▶ **GIVEN DATA**:
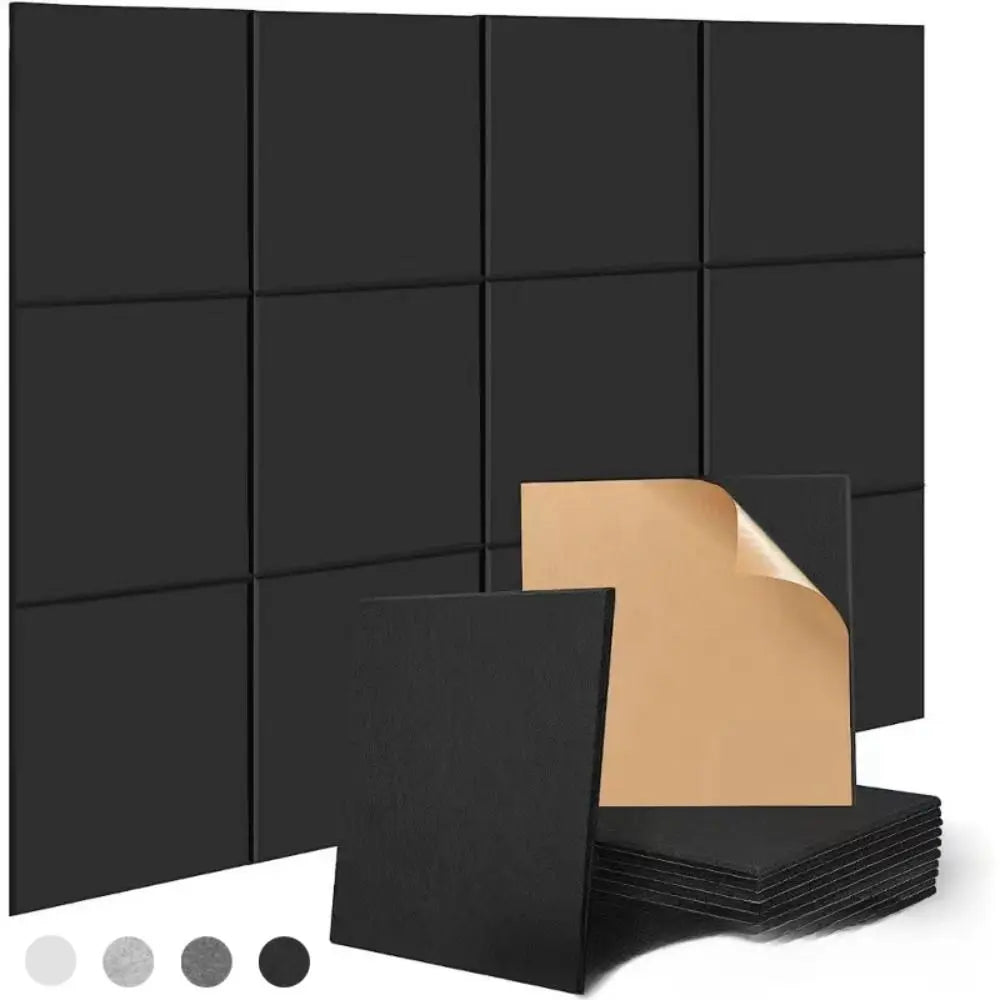 Self-Adhesive Felt Acoustic Wall Panels 30x30cm – 9mm Thick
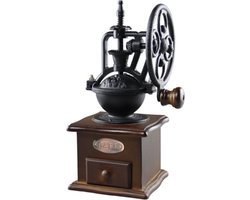 Vintage retro koffiemolen - hout, keramiek & metaal - Koffie handmolen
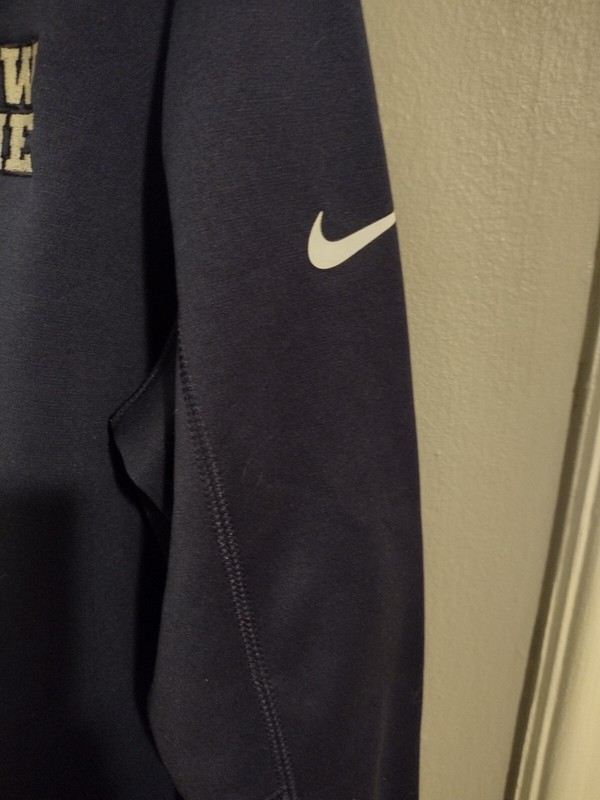 Nike Gulf Quarter Zip Pullover With Show Time Embroidered On Front Nike Logo On gallery
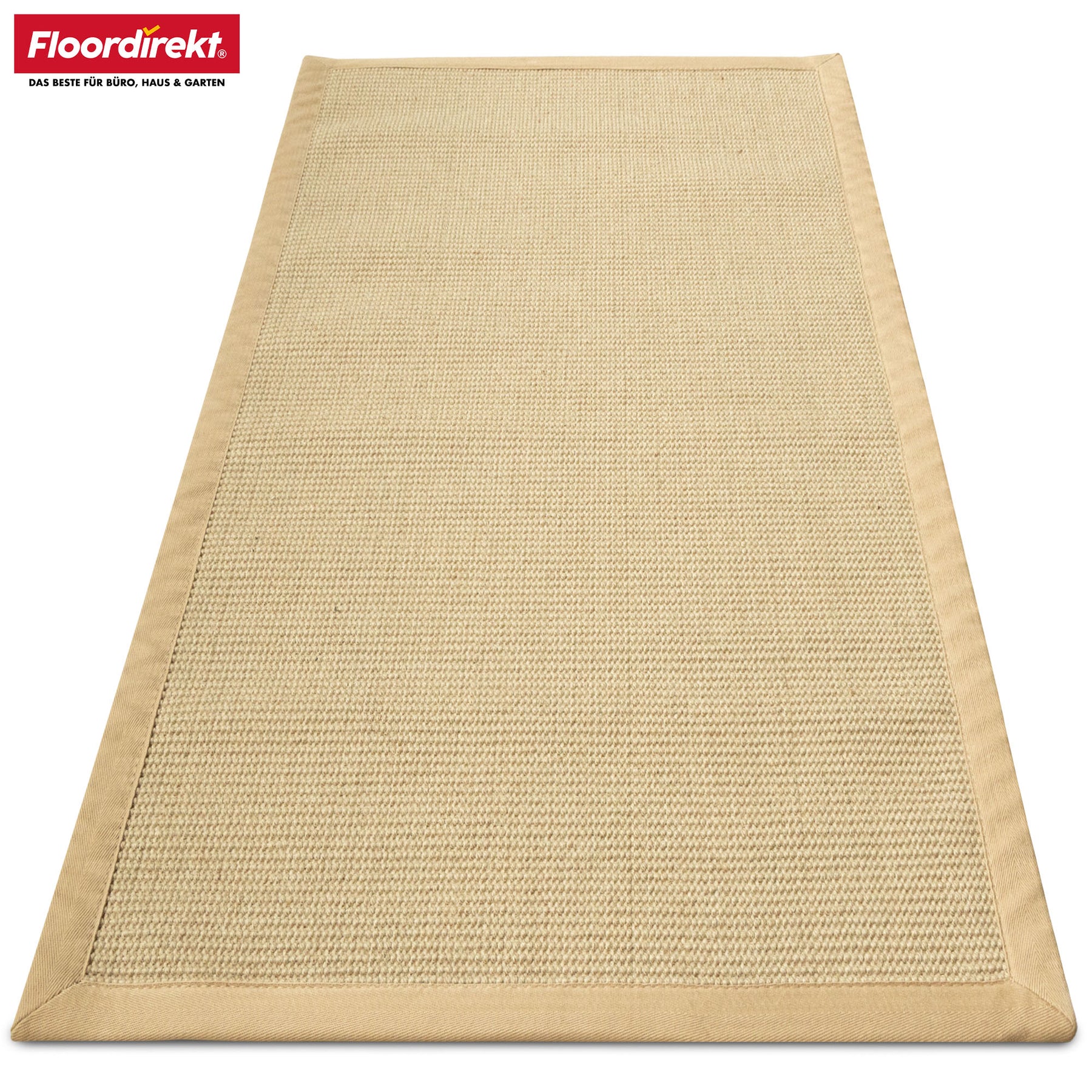 Tapis de jute | Bombay | Avec dos antidérapant & bordure en coton | Dans de nombreuses tailles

▶ **THE TASK**: Please copy the data shown above, line by line and exactly, omitting the images.

▶ **REPLY**:
 Self-Adhesive Felt Acoustic Wall Panels 30x30cm – 9mm Thick
 Vintage retro koffiemolen - hout, keramiek & metaal - Koffie handmolen
 Nike Gulf Quarter Zip Pullover With Show Time Embroidered On Front Nike Logo On gallery
 Tapis de jute | Bombay | Avec dos antidérapant & bordure en coton | Dans de nombreuses tailles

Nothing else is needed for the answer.